Gündelik hayatımızda sık sık “algı” kelimesini duyarız. “Algı yönetimi”, “algısı farklı”, “algılama biçimi” gibi ifadeler neredeyse hayatımızın bir parçası oldu. Peki, bu kavramlar aslında ne anlama geliyor?

Öncelikle algılama, insanın çevresinden gelen bilgileri duyuları aracılığıyla alması ve bunları anlamlandırmasıdır. Yani gözümüz bir görüntüyü görür, kulağımız bir sesi duyar, beynimiz bu bilgileri işler ve ona bir anlam yükler. Algılama, tamamen bireysel bir süreçtir çünkü herkes gördüğünü ya da duyduğunu aynı şekilde yorumlamaz.

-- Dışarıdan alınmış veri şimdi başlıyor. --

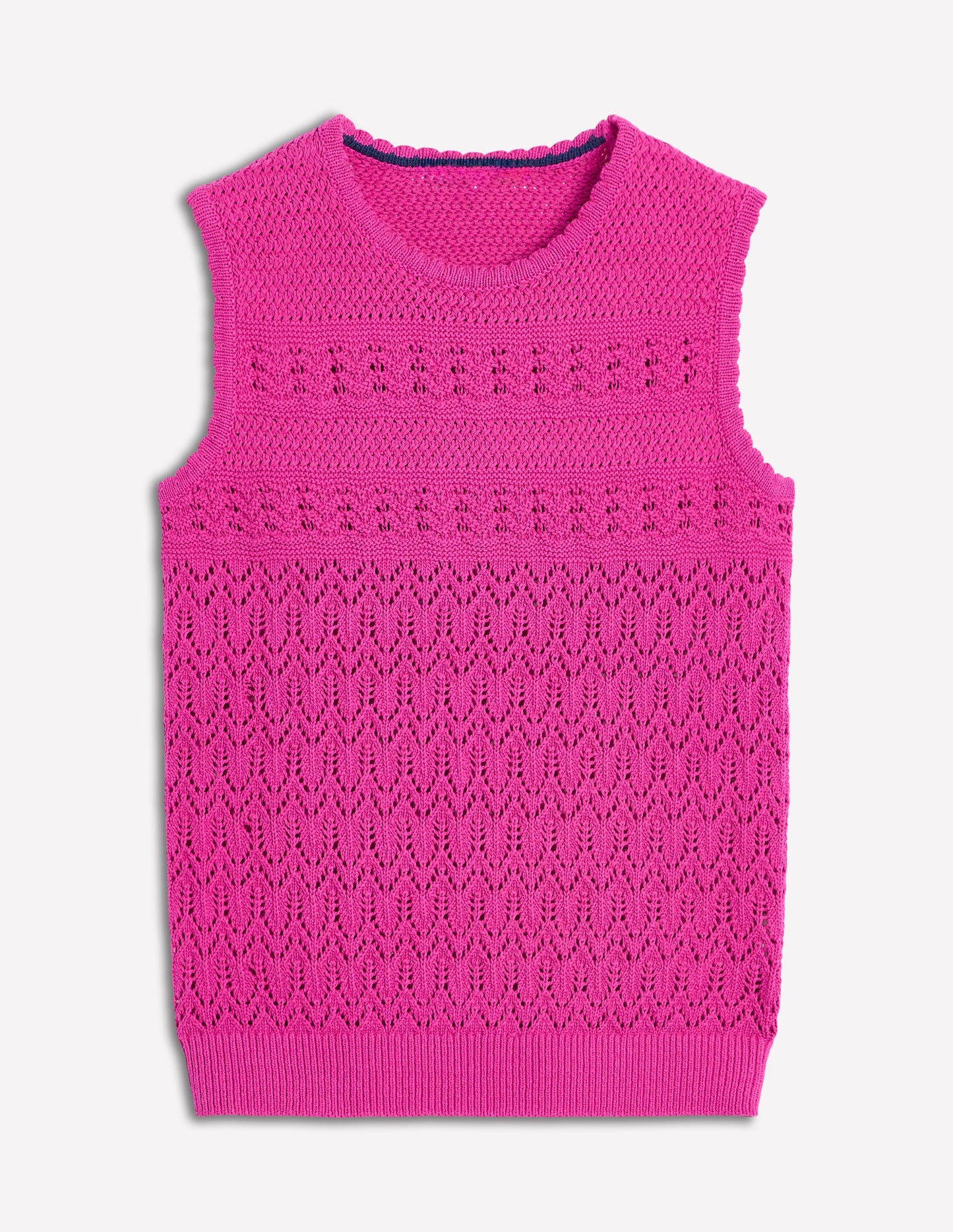 Débardeur ras du cou en maille coton texturée-Violet prune de Damas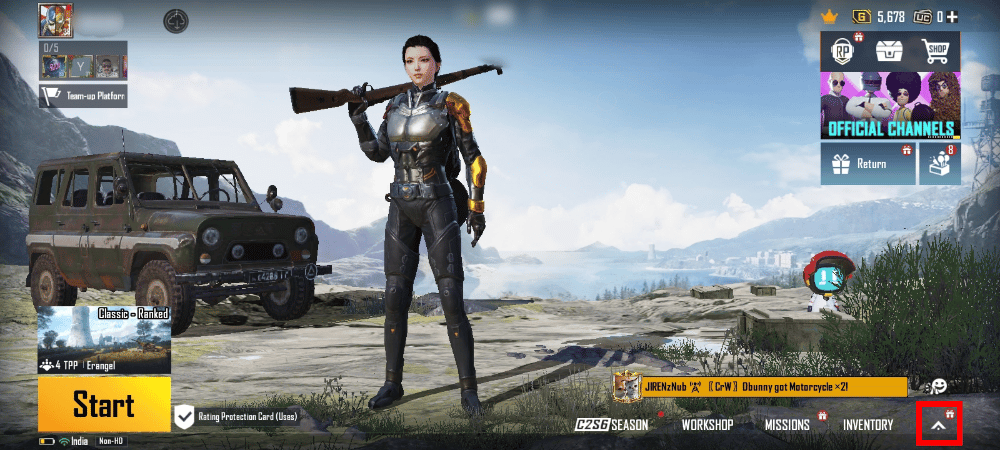Tap on the downwards facing arrow icon. | How to Delete Your PUBG Mobile Account Permanently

Algı ise bu yorumlama sürecinin sonucudur. Yani çevremizden gelen verileri nasıl anladığımızın, nasıl şekillendirdiğimizin adıdır. Basitçe söylemek gerekirse: Algılama bir süreçtir, algı ise bu sürecin ortaya çıkardığı sonuçtur.

Bunu gündelik bir örnekle açıklayalım. Diyelim ki gökyüzünde kara bulutlar var. Kimisi bu manzarayı “yağmur geliyor, bereket olacak” diye yorumlar. Kimisi ise “eyvah, dışarı çıkarsam ıslanırım” diye düşünür. Oysa gördükleri şey aynı: kara bulutlar. Ama algıları farklıdır. Çünkü kişisel deneyimler, beklentiler ve duygular algıyı şekillendirir.

İşte tam da bu yüzden algı kavramı, iletişim dünyasında çok önemlidir. Halkla ilişkilerden medyaya kadar birçok alanda mesajların nasıl algılanacağı üzerine çalışmalar yapılır. Çünkü verilen mesaj kadar, o mesajın nasıl algılandığı da sonuçları belirler.

Sonuç olarak; algılama, bilgiyi duyularla alma ve işleme sürecidir; algı ise bu sürecin bireyde bıraktığı izlenimdir. Hepimizin dünyayı farklı görmesinin, aynı olaylara farklı tepkiler vermesinin sebebi de budur.